Generally an AST is dynamically constructed as an actual tree with pointers and nodes. In this lab the AST is displayed as a text string (see lab08.y). The string is generated during parse with the sprintf command. For example, the command below generates the substring for the '+' symbol at the PLUS production rule.
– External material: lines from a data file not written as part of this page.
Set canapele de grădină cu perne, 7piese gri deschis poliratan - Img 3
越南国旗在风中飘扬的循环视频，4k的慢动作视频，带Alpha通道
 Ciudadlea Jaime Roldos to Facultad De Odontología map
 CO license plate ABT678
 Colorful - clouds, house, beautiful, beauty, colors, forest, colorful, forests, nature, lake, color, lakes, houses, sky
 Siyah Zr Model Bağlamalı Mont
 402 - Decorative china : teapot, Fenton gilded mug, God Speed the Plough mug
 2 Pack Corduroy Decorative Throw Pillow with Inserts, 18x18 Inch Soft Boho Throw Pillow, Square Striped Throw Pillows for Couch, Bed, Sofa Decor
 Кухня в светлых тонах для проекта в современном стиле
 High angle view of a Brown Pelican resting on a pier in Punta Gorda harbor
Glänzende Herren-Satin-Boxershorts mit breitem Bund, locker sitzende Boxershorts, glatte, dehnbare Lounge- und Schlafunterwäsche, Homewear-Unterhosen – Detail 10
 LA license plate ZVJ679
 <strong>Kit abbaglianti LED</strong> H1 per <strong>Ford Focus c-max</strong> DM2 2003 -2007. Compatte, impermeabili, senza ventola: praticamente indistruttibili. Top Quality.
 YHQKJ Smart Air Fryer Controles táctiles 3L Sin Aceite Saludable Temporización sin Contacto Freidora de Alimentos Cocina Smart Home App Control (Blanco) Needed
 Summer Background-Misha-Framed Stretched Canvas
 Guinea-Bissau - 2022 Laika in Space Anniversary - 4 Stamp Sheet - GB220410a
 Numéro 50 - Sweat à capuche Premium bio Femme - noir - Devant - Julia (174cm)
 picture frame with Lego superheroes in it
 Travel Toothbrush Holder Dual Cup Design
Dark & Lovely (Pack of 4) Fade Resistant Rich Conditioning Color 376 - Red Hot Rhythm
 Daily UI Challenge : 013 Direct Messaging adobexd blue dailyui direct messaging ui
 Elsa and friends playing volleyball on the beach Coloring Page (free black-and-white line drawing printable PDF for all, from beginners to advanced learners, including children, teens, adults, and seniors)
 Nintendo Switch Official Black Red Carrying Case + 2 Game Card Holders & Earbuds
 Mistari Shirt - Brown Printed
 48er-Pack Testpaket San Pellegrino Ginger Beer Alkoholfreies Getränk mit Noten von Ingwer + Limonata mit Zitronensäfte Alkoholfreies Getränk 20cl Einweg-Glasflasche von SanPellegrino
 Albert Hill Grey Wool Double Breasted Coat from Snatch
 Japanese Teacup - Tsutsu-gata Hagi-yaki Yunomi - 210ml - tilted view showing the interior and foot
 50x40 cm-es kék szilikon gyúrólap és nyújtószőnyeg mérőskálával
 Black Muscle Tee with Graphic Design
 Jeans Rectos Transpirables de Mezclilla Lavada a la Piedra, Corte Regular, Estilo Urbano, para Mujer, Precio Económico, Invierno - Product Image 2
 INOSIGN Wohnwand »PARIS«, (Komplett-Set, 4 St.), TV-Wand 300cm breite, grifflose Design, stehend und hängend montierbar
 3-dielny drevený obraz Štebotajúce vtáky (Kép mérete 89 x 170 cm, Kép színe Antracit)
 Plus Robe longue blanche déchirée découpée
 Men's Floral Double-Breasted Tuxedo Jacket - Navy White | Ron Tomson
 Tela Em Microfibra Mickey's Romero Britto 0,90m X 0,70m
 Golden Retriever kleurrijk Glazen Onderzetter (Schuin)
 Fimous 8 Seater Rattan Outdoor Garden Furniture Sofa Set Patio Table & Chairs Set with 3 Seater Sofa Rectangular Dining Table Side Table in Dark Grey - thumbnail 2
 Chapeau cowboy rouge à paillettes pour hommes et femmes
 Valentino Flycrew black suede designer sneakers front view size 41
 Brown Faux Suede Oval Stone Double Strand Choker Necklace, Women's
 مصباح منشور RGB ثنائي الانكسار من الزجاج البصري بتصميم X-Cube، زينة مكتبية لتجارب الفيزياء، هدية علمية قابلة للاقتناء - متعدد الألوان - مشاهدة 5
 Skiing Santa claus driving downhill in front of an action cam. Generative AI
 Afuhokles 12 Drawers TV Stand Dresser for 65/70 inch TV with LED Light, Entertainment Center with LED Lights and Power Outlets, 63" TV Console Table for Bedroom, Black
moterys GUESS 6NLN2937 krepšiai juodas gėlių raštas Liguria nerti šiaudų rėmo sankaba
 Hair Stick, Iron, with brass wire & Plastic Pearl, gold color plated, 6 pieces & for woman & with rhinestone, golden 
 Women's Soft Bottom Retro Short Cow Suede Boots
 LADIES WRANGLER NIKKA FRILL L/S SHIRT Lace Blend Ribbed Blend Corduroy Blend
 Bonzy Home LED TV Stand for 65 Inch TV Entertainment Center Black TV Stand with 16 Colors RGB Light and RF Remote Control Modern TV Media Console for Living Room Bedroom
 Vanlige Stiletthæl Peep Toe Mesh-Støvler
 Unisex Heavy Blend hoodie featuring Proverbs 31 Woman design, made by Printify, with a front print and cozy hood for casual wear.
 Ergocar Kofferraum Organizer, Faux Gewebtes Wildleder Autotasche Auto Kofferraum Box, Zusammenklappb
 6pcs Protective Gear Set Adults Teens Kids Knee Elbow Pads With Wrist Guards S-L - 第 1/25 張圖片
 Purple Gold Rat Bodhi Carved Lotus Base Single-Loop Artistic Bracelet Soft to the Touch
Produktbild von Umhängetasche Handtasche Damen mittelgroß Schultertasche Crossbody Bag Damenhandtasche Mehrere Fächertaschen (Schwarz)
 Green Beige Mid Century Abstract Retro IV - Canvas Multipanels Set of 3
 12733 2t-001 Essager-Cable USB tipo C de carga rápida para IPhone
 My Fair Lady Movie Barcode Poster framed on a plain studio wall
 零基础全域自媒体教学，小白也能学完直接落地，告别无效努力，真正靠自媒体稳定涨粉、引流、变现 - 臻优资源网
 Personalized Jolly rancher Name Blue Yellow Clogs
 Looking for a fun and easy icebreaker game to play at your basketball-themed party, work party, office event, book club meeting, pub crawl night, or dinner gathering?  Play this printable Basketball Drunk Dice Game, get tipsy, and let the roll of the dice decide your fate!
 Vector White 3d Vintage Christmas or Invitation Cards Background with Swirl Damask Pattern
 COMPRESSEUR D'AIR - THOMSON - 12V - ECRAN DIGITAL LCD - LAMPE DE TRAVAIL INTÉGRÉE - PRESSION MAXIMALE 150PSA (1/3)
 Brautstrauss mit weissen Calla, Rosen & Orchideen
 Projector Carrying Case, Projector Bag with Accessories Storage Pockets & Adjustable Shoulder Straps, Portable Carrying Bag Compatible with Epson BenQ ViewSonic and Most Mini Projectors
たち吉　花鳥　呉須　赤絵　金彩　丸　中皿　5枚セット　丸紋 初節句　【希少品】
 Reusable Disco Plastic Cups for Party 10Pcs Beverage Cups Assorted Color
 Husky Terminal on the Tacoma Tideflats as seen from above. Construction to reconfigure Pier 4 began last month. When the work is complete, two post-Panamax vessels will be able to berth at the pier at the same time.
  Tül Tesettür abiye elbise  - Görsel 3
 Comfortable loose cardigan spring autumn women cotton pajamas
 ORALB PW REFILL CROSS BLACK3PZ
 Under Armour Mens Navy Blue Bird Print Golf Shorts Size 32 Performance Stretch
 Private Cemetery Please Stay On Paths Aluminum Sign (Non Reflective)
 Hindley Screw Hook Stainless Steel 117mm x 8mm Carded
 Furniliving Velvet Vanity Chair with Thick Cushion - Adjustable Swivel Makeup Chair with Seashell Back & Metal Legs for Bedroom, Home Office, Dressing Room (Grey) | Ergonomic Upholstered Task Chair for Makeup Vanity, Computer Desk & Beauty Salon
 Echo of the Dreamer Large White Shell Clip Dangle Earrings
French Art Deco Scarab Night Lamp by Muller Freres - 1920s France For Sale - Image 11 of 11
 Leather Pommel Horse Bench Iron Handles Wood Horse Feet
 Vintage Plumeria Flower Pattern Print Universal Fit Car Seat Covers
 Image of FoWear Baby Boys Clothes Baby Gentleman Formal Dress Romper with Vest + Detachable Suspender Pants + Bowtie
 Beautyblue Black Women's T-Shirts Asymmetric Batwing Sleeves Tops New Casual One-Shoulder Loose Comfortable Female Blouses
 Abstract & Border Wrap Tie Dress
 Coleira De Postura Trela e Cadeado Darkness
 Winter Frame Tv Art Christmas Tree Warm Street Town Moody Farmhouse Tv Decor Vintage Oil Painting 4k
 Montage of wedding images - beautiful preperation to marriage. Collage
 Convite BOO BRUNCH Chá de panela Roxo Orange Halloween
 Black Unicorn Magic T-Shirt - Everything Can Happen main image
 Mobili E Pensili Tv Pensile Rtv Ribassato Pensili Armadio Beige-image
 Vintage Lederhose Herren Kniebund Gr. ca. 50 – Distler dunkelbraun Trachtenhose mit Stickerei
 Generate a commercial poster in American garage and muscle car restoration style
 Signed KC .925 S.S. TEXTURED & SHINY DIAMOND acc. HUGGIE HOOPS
     sprintf($$, "plus(%s,%s)", $1, $3);  

The example below shows the BNF, the rightmost parse tree and the corresponding AST on this input:

       a * -(b+c) / a 
Since the AST is an abbreviated parse tree it can be generated as synthesized attributes that are trickled up the tree during a postorder traversal of the parse tree. A postorder traversal corresponds to an LR (bottom-up) parse. This correspondence is demonstrated below.
BNF for Lab08 Expression Grammar

list: e | list stmt '\n' 
stmt: expr 
expr: term  | expr - term  | expr + term  
term: fact | term * fact | term / fact 
fact: id | (expr) | -fact
id:  a | b | c 

Example AST for input: 

    a * -(b+c) / a 


In tree form:

          /      \
     times        a
    /     \
   a    negative
        /  \
       b    c

Rightmost Derivation for:  a*-(b+c)/a

   list -> list stmt '\n'
        -> list expr
        -> list term
        -> list term / fact
        -> list term / id
        -> list term / a
        -> list term * fact / a 
        -> list term * -fact / a 
        -> list term * -(exp) / a 
        -> list term * -(exp + term) / a 
        -> list term * -(exp + fact) / a 
        -> list term * -(exp + id) / a 
        -> list term * -(exp + c) / a 
        -> list term * -(term + c) / a 
        -> list term * -(fact + c) / a 
        -> list term * -(id + c) / a 
        -> list term * -(b + c) / a 
        -> list fact * -(b + c) / a 
        -> list id * -(b + c) / a 
        -> list a * -(b + c) / a 
        -> e  a * -(b + c) / a 
Rightmost Derivation Parse tree for:  

             /    \
           list   stmt
           |        |
           e       expr
                 /   |  \
            term     /  fact
           / | \          |
       term  *  fact      id 
        |       / \       |
      fact     -  fact    a
        |         / | \
       id        ( expr )
        |         / | \
        a      term + term 
                 |     |
                fact  fact
                 |     |
                 id    id
                 |     |
                 b     c
Modify expr.y so that, instead of an AST, your code generates a list of three-address code (TAC) operations in the order in which the operations should occur. Your operations should use temporary variables to hold intermediate values. For this input of 5 operations,
       (a-b) * -(b+c) / a  
your TAC output should look like this:
       t1 = a-b
       t2 = b+c
       t3 = -t2
       t4 = t1 * t3 
       t5 = t4 / a 
To facilitate TAC generation you will construct one assignment for each operation. Thus, each operation will be assigned to a new 't' variable. You can generate a new t variable by incrementing a counter and pasting the counter to 't'. For example, the MINUS operation looks like this with the AST line commented out and replaced with the code to generate TAC:
       expr MINUS term
        $$ = (char*)malloc(sizeof(char) * 1024);
        // sprintf($$, "minus(%s,%s)", $1, $3);
        printf("t%d = %s - %s\n", counter, $1, $3);
        sprintf($$, "t%d", counter);
        free ($1);
        free ($3);
        $1 = NULL;
        $3 = NULL;
You will need to do something similar for each operation. You will also need to take out the code in the scanner that spits out the token since, unlike the output of an AST that occurs at the root, the syntax directed translation of TAC output will interfere with any output of the scanner.